Search code examples
amazon-s3aws-glueamazon-kinesis-firehose

AWS Glue - how to crawl a Kinesis Firehose output folder from S3


I have what I think should be a relatively simple use case for AWS Glue, yet I'm having a lot of trouble figuring out how to implement it.

I have a Kinesis Firehose job dumping streaming data into a S3 bucket. These files consist of a series of discrete web browsing events represented as JSON documents with varying structures (so, say, one document might have field 'date' but not field 'name', whereas another might have 'name' but not 'date').

I wish to run hourly ETL jobs on these files, the specifics of which are not relevant to the matter at hand.
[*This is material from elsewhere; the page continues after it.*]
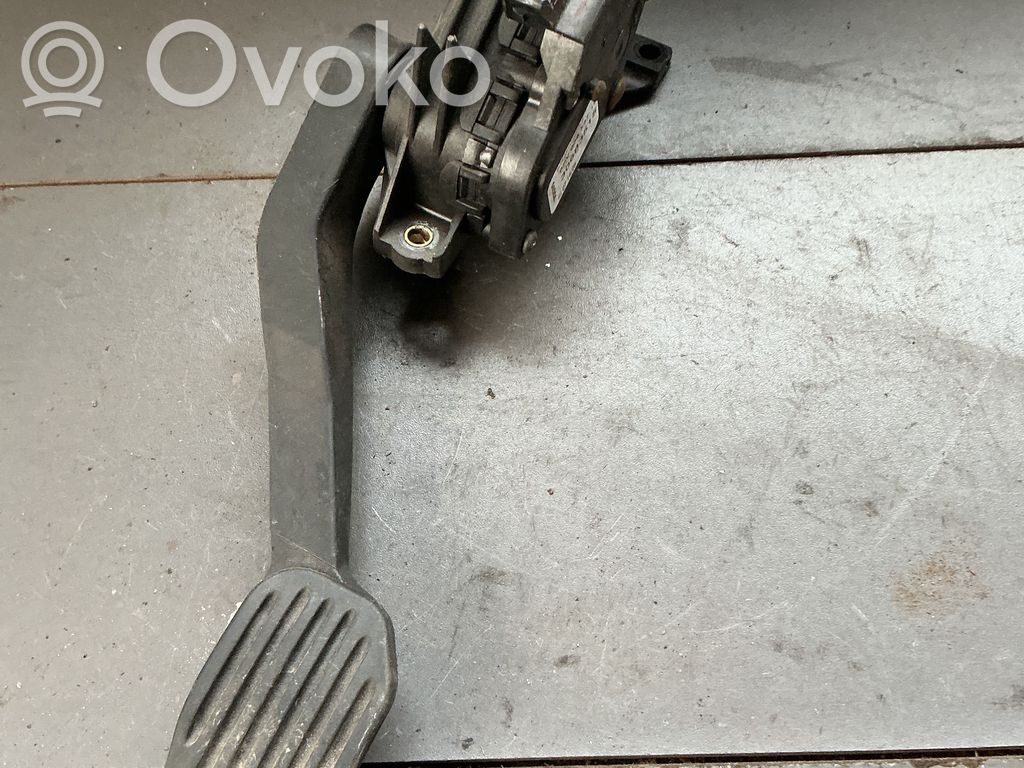 Volvo S60 Gaspedal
I'm trying to run a S3 data catalog crawler and the problem I'm running into is that the Kinesis output format is not, itself, valid JSON, which is just baffling to me. Instead it's a bunch of JSON documents separated by a line break. The crawler can automatically identify and parse JSON files, but it cannot parse this.

I thought of writing a lambda function to 'fix' the Firehose file, triggered by its creation on the bucket, but it sounds like a cheap workaround for two pieces that should fit neatly together.

Another option would be just bypassing the data catalog altogether and doing the necessary transformations in the Glue script itself, but I have no idea how to get started on this.

Am I missing anything? Is there an easier way to parse Firehouse output files or, failing that, bypassing the need for a crawler?

cheers and thanks in advance


Solution

  • I managed to fix this; basically the problem was that not every JSON document had the same underlying structure.

    I wrote a lambda script as part of the Kinesis process that forced every document into the same structure, by adding NULL fields where necessary. The crawlers were then able to correctly parse the resulting files and map them to a single table.